The Lucerne Chocolate Company uses standard costs to control its manufacturing of fine chocolates. The purchasing agent is responsible for material price variances while the production manager is responsible for all other variances. Operating data for the past accounting period are summarized as follows:

Finished units produced total 2,900 boxes of chocolate

Direct material purchased and used totaled 3,400 lbs. (pounds)

The purchase price was $17.30 per lbs.

Standard price per pound of chocolate is $18.00

The manufacturing standard is that each box of chocolate uses 1 lbs. of chocolate

Actual direct labor costs incurred was $151,505 which was based on 3,925 hours at a labor rate of $38.60

The standard labor rate allowed per box produced is 1.25 hours at a standard labor per hour of $38

Calculate the following (20 points)

Material Price Variance (Purchase Price Variance – PPV)

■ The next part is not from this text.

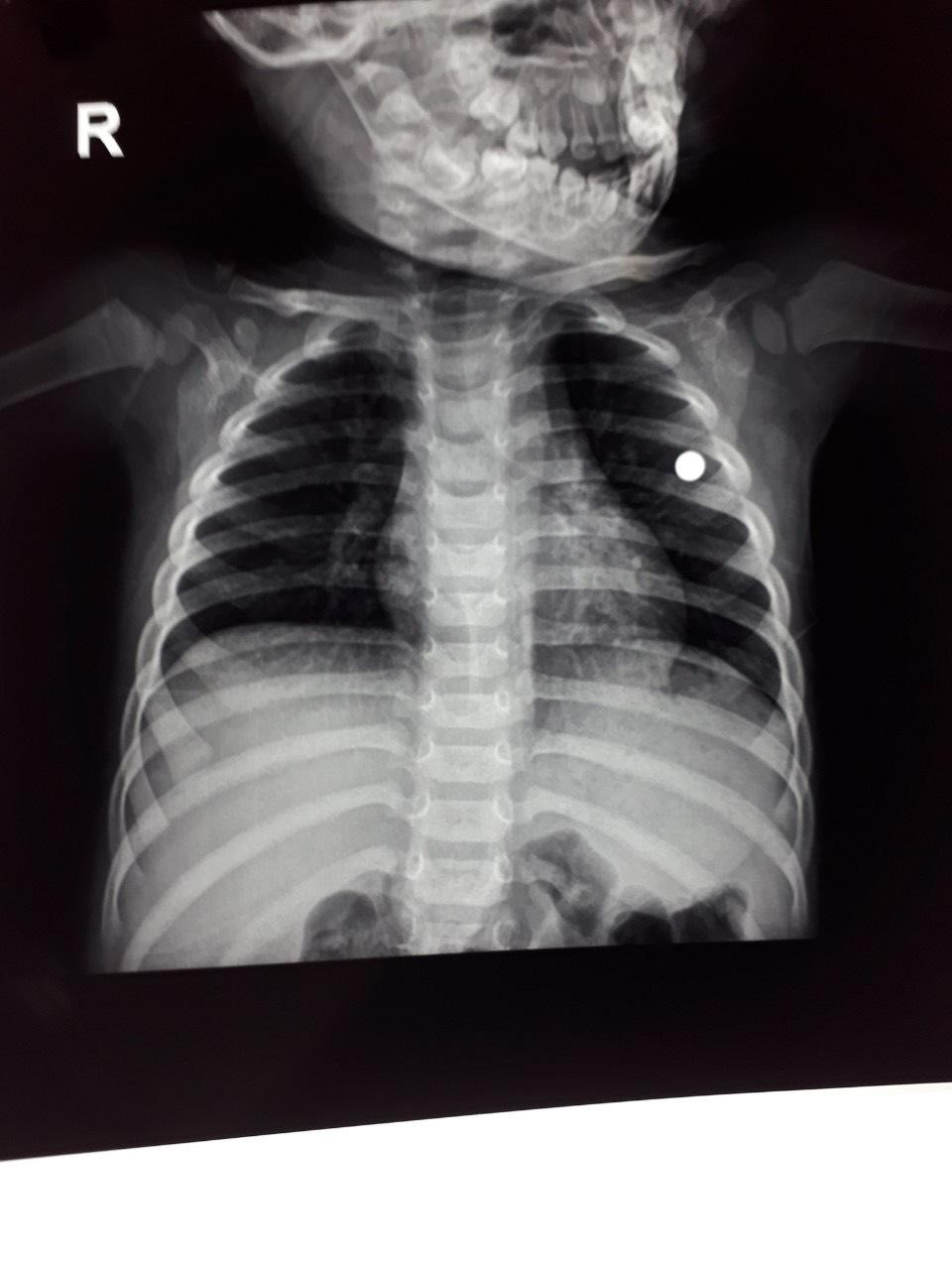 Viên đạn trong ngực trái của cháu bé. Ảnh do Bệnh viện Nhi Thanh Hoá cung cấp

Material Quantity Variance (Usage Variance)

Labor Rate Variance

Labor Efficiency Variance

Consider the Material Quantity Variance (Usage Variance) and Labor Efficiency Variance. Identify a list of factors that would cause The Lucerne Chocolate Company production to use more or less material then planned (Material Quantity Variance (Usage Variance)) when making its product. In addition, relative to the Labor Efficiency Variance, identify a list of factors that would cause The Lucerne Chocolate Company production to use more or less labor then planned (Labor Efficiency Variance) when making its product. (30 points)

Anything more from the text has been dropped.